# United States & Canada Vacations Forums > Ski Country Forum >  >  ITS SNOWING!!!

## MIke R

and so it begins.................







*Waterville Valley Resort
*

*Bring on Winter 2013-14!  First snow of the season!!!

*

----------


## NHDiane

Oh Jeez!  Feels like it could down here but it's 50 with a 30 MPH wind so I'm sure it's just that my blood hasn't thickened up yet.

----------


## MIke R

looking GOOOOOOOD for late October!

----------


## BBT

> Oh Jeez!  Feels like it could down here but it's 50 with a 30 MPH wind so I'm sure it's just that my blood hasn't thickened up yet.



You need to head to SBH, isn't this the month you are headed down? Maybe we will see you.

----------


## NHDiane

> You need to head to SBH, isn't this the month you are headed down? Maybe we will see you.
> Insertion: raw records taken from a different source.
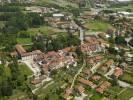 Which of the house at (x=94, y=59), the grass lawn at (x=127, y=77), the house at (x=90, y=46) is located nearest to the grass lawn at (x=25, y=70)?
the house at (x=94, y=59)

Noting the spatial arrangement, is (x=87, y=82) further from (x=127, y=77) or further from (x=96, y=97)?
(x=127, y=77)

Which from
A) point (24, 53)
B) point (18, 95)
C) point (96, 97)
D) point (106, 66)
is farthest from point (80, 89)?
point (24, 53)

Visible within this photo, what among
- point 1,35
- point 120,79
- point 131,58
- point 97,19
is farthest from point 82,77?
point 97,19

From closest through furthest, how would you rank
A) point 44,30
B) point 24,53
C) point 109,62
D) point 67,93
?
1. point 67,93
2. point 109,62
3. point 24,53
4. point 44,30

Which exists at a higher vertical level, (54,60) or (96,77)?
(54,60)

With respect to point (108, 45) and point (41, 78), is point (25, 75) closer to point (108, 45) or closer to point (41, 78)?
point (41, 78)

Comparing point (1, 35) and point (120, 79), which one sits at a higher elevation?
point (1, 35)

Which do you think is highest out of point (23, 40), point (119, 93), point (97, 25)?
point (97, 25)

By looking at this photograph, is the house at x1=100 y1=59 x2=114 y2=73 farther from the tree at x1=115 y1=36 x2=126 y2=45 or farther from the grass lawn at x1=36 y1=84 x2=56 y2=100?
the tree at x1=115 y1=36 x2=126 y2=45

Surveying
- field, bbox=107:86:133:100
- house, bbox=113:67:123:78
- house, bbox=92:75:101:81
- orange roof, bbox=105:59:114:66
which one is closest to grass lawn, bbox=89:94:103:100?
field, bbox=107:86:133:100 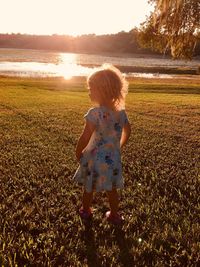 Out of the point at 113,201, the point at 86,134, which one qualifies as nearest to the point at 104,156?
the point at 86,134

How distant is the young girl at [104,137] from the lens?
5.05 metres

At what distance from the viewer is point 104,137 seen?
5.34 m

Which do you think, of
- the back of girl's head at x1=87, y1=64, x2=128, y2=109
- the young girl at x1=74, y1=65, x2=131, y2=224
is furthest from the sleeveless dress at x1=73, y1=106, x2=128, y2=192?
the back of girl's head at x1=87, y1=64, x2=128, y2=109

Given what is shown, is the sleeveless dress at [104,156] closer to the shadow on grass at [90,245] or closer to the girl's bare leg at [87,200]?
the girl's bare leg at [87,200]

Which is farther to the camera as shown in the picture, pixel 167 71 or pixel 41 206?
pixel 167 71

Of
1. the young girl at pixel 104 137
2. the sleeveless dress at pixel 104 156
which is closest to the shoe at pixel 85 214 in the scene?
the young girl at pixel 104 137

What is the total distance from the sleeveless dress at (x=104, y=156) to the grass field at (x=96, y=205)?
556 mm

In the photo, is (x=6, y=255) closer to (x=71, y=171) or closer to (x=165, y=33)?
(x=71, y=171)

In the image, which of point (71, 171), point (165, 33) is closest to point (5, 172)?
point (71, 171)

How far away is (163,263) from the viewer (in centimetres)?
453

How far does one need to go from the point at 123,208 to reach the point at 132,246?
4.10ft

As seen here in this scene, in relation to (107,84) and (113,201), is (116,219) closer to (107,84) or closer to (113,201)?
(113,201)

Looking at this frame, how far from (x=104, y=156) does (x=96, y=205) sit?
1.12 m

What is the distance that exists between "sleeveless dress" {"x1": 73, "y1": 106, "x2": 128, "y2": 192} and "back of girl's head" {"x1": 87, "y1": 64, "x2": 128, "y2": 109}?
0.24m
Alas Bob, it is not to be again this year...we've missed it two years in a row now.  Making a vow not to miss again next year.  We have always gone in October/early November due to our work schedules but things have changed on that front so we could pick any time.  It will definitely be low season, however, as we prefer fewer people on island. When are you scheduled to arrive??

----------


## BBT

Friday

----------